Per quest’anno si prevede l’arrivo di 1,5 milioni di pellegrini. Allo studio proposte di infrastrutture e di percorsi di devozione simili a quelli delgi altri santuari mariani nel mondo. Attesa una delegazione del Vaticano. Il santuario è stato fondato dai missionari del Pime nel 1923.

Vijayawada (AsiaNews) – Anche quest’anno Nostra Signora, la Madre della salute, ha radunato ai suoi piedi migliaia di fedeli per i tre giorni di festa a Gunadala, dal 9 all’11 di febbraio. Due giorni fa, sotto un padiglione colorato, centinaia di persone si sono levate molto presto per partecipare alla prima messa della giornata.

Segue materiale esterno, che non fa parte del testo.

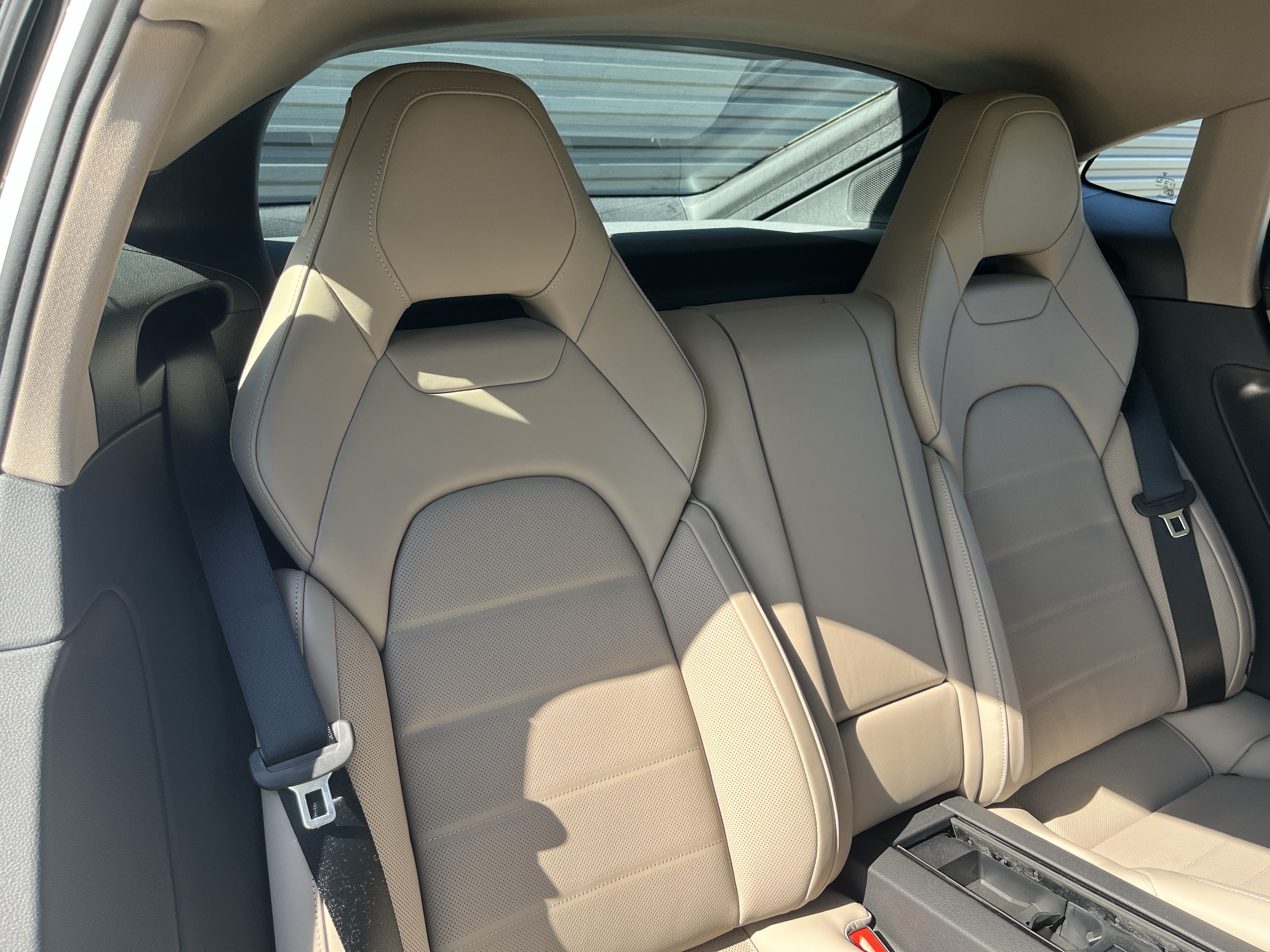 2026 Porsche Panamera Base - Photo 19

Mons. Telagathoti Raja Rao, il vescovo di Vijayawada, ha salutato i pellegrini e li ha benedetti, poi insieme ai sacerdoti è andato all’altare per accendere le lampade della festa.

Il vescovo ha spiegato le origini di questa festa, legata alle apparizioni della Madonna a Bernadette Soubirous, nella grotta di Lourdes, che ha dato vita nel mondo a una nuova devozione, legata a grandi guarigioni e all’unzione degli infermi.

In un’atmosfera splendente di musica sacra e di canti, è stato celebrato anche il giubileo d’argento e di oro dei sacerdoti ce hanno servito la Chiesa dell’Andhra Pradesh per così tanti anni.

Il direttore del nuovo canale televisivo cattolico Divya Vani, p. Udumala Bala Showry Reddy, ha proclamato l’omelia, ringraziando la Madonna della salute per averlo aiutato nei suoi 25 anni di sacerdozio.

La festa di Gunadala è stata iniziata a Vijayawada dai missionari del Pime nel 1923 e ora, dopo più di 90 anni è divenuta un’importante festival per i cattolici, anche se spesso accoglie pellegrini musulmani e indù.

Parlando in conferenza stampa, mons. Telagathoti Raja Rao, ha detto che il santuario di Gunadala Matha  (La Madre di Gunadala) nella nuova capitale dell’Andhra Praesh [la precedente, Hyderabad, è divenuta la capitale del nuovo Stato di Telangana – ndr], ha bisogno di nuovi sviluppi perché è divenuta meta di pellegrini non solo in questi giorni, ma per tutto l’anno. C’è bisogno di infrastrutture per accogliere i pellegini che vengono da lontano e di proposte per coloro che cercano sollievo spirituale e benedizioni.

A questo scopo, il vescovo vuole costituire un gruppo di sacerdoti che visitino e imparino dagli altri santuari mariani nel mondo – come Roma, Lourdes, Fatima, Częstochowa – per studiare le strutture di accoglienza dei fedeli e le espressioni di devozione mariana, per adeguare gli standard di Vijayawada a quelli mondiali. In città è attesa anche una delegazione vaticana per studiare il santuario.

La festa di oggi è stata preceduta da una novena a partire dal 31 gennaio scorso. I fedeli, con candele accese sono saliti, in processione col Santissimo sacramento, sulla collina del santuario dove vi è una statua della Madonna, recitando il rosario e cantando inni.

Il nuovo direttore del santuario, p. Eleti Jaya Rao, ha detto che quest’anno si prevede l’arrivo di almeno 1,5 milioni di pellegrini, grazie alle nuove strutture di accoglienza e all’atmosfera di preghiera che si respira. In Andhra Pradesh, nell’area della Krishna Unit vi sono circa 300mila cattolici serviti da 200 sacerdoti in 1600 chiese. Inoltre, sono presenti centinaia di scuole, servizi di carità per i poveri e i bisognosi.

In questo periodo il governo ha reso più facile il trasporto con autobus speciali dalla stazione ferroviaria a Gunadala. Anche le ferrovie hanno permesso una fermata dei treni a Gunadala per tutti i pellegrini.